The lack of rain means soil water content has been reduced significantly, causing widespread stress to vegetation in the Italian lowlands, in southern, central and western France, in central Germany and eastern Hungary, Portugal and in northern Spain. This is expected to lower yields.
Italy’s Po River basin is facing the highest level of drought severity and a drought emergency has been declared in five Italian regions. Insufficient water availability has led to water use restrictions across the country’s municipalities and similar measures have also been put into place in 68 departments of France.

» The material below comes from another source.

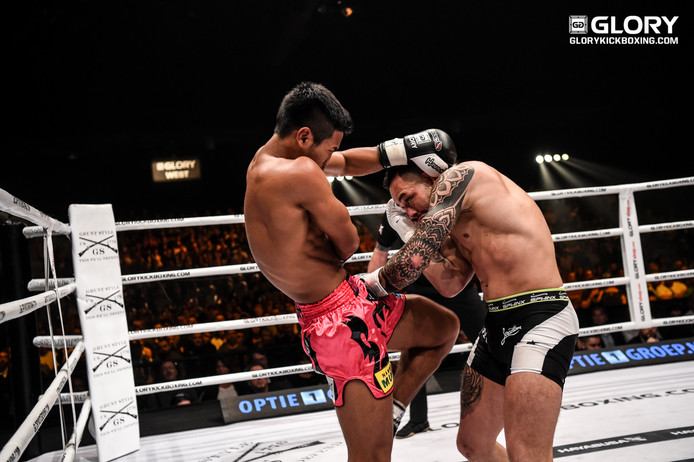 Glory of Kicking : เพชรพนมรุ้ง เกียรติหมู่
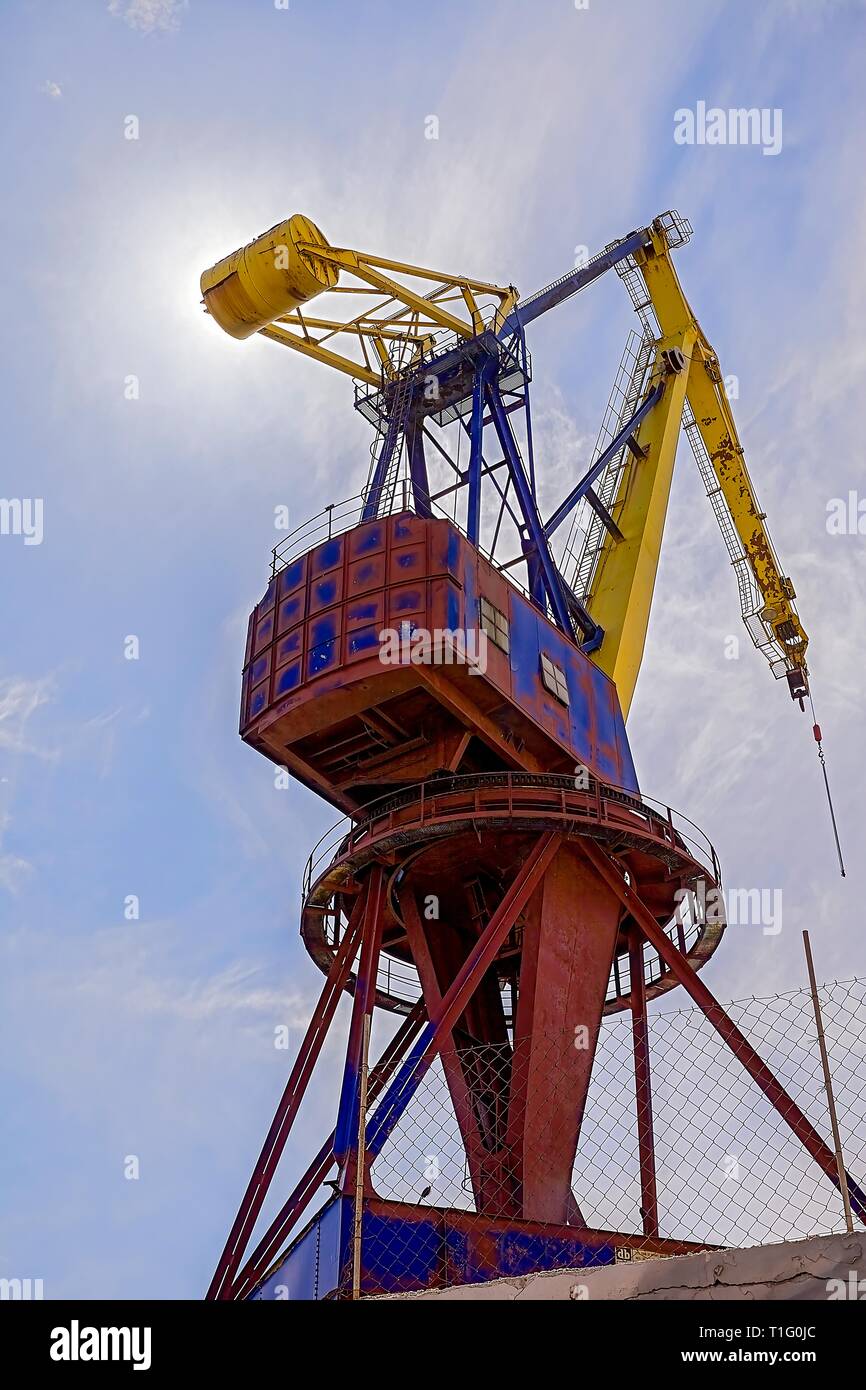 Grue à tour unique contre le ciel bleu. Le point de droit. Banque D'Images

To make matters worse, with stored water volumes also depleted, the energy sector has been affected in terms of both hydropower generation and cooling systems of other power plants. In Spain, volumes of water stored in reservoirs are currently 31% lower than the 10-year average. In Portugal, hydroelectric energy stored in water reservoirs is at half the average of the previous seven years. What’s more, both countries are experiencing conditions that are extremely favourable for wildfires.
The forecasts for the coming months suggest far drier conditions than normal in large areas of Europe, which will exacerbate drought severity and the impacts on agriculture, energy and water supply.